The API returns the following output format:

- **`output`** (`string`, _required_):
  The transcribed text from the audio.
  - Examples: "Actually, I'm second guessing myself a single coherent passage might be cleaner and more representative of real world speech performance, which is what benchmarking typically uses. I'll write an engaging flowing piece on something like a journey or a day in a tech forward city. That weaves in all the varied elements naturally, rather than splitting it into sections. I'm deciding to keep the targeted tricky sentences section after all. It'll directly test homophones and number heavy lines that are most prone to errors, so I'll include it as a concise, clearly marked addition at the end now.

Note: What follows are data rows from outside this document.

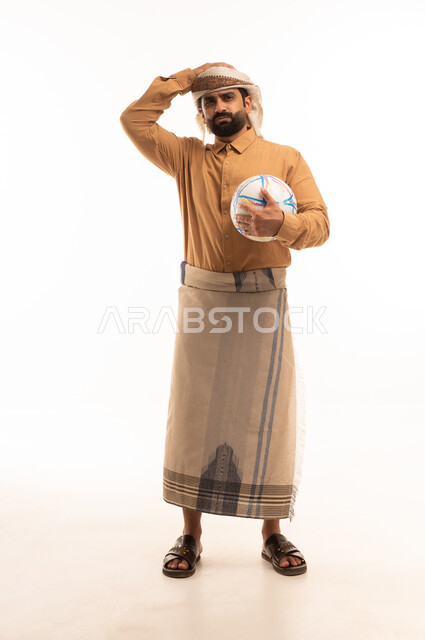 Gestures of loss and failure, watching and following a football match, a portrait of a Yemeni Arab man wearing a shirt and a sarong holding a football and placing his hand on his head with expressions of sadness and interaction with the national team, different sports clubs, white background.
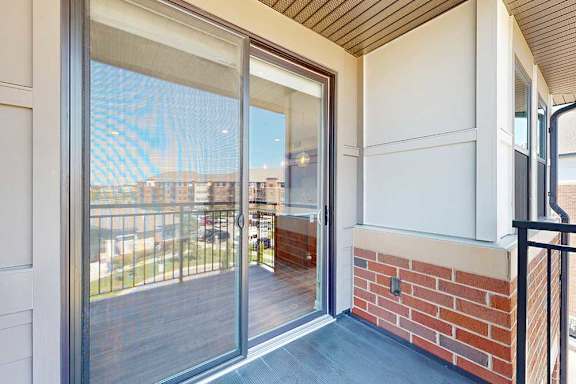 A balcony with a sliding glass door to the living room and a screen door.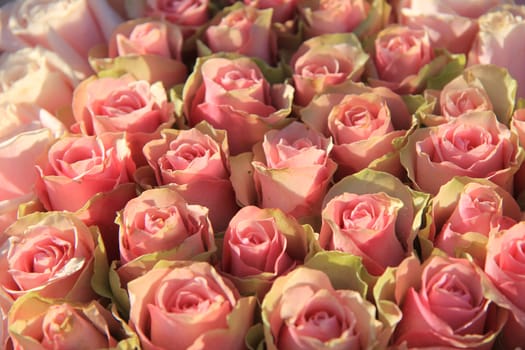 Pink roses in a floral wedding arrangement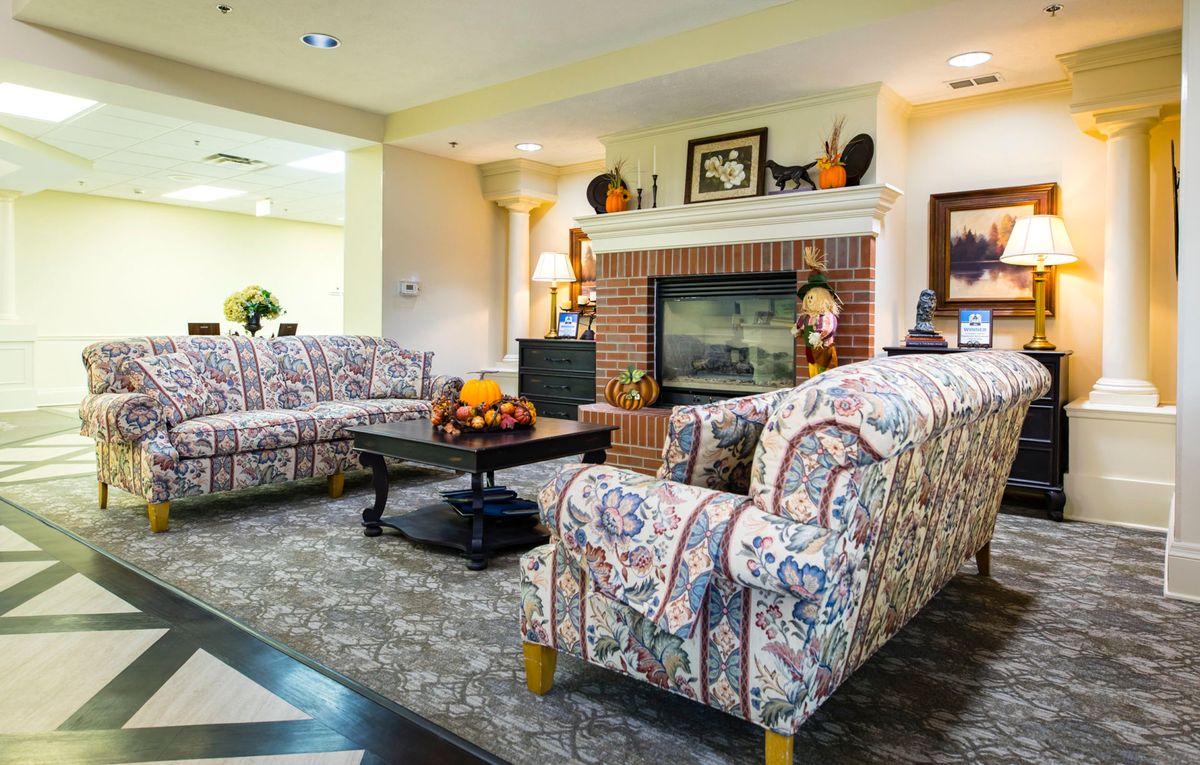 A cozy living room featuring patterned sofas, a central coffee table, and a brick fireplace adorned with decorative items.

I'm drafting the full passage, starting with a detailed travel narrative that weaves in dates, times, currency, and specific details by the time we pulled into Waverley Station, my phone had buzzed forty seven times, mostly from doctor Amara Akon Reyes at Neurosynt Technologies fretting over our board presentation. We'd spent three weeks refining a transformer model with one point three billion parameters, and the improvements were stunning. Our word error rate plummeted from fourteen point two percent down to three point eight percent. There's something surreal about watching those number shift like that. They're not just metrics they're the payoff from countless late nights and too much coffee."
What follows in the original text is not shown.